*WHAT TO WORK ON*.
Retype the lines below exactly, but only those from the line that has "That's one execution" through the line that has "Hey, Jason here". Omit every picture.

━━━ INPUT

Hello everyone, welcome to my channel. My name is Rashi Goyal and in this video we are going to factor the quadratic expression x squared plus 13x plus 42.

━━━━━━
━━━ INPUT

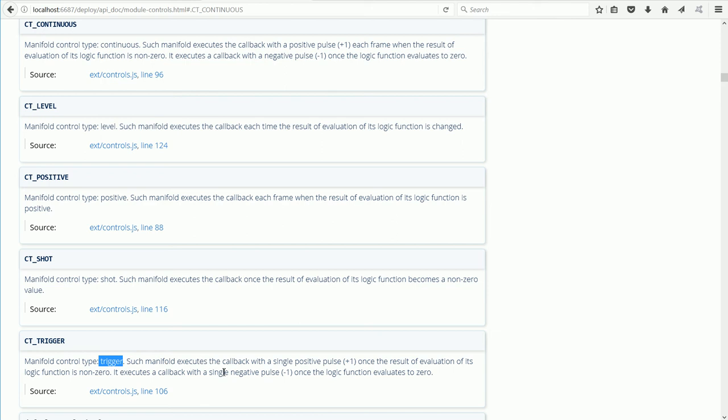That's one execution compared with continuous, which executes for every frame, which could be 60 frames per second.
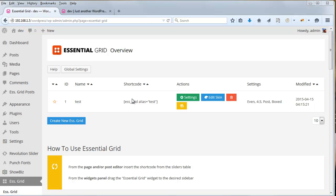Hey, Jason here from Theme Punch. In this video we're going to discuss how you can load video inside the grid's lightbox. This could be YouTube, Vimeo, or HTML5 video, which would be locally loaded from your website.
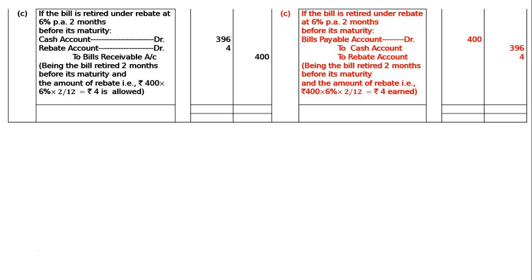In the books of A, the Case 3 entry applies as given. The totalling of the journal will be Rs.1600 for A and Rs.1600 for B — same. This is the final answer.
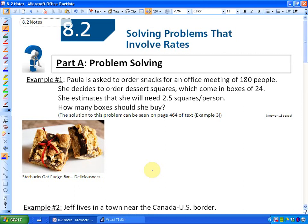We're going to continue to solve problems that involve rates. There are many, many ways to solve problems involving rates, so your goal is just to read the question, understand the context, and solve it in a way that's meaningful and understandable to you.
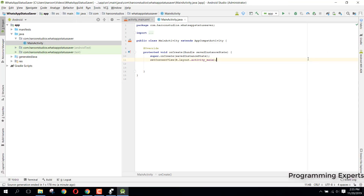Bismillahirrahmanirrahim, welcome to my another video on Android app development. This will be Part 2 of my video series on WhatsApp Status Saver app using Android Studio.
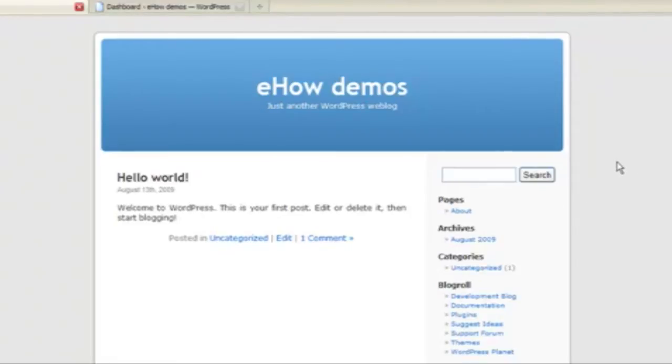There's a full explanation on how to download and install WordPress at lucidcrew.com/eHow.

━━━━━━

*ANSWER BELOW*.
That's one execution compared with continuous, which executes for every frame, which could be 60 frames per second.
Hey, Jason here from Theme Punch. In this video we're going to discuss how you can load video inside the grid's lightbox. This could be YouTube, Vimeo, or HTML5 video, which would be locally loaded from your website.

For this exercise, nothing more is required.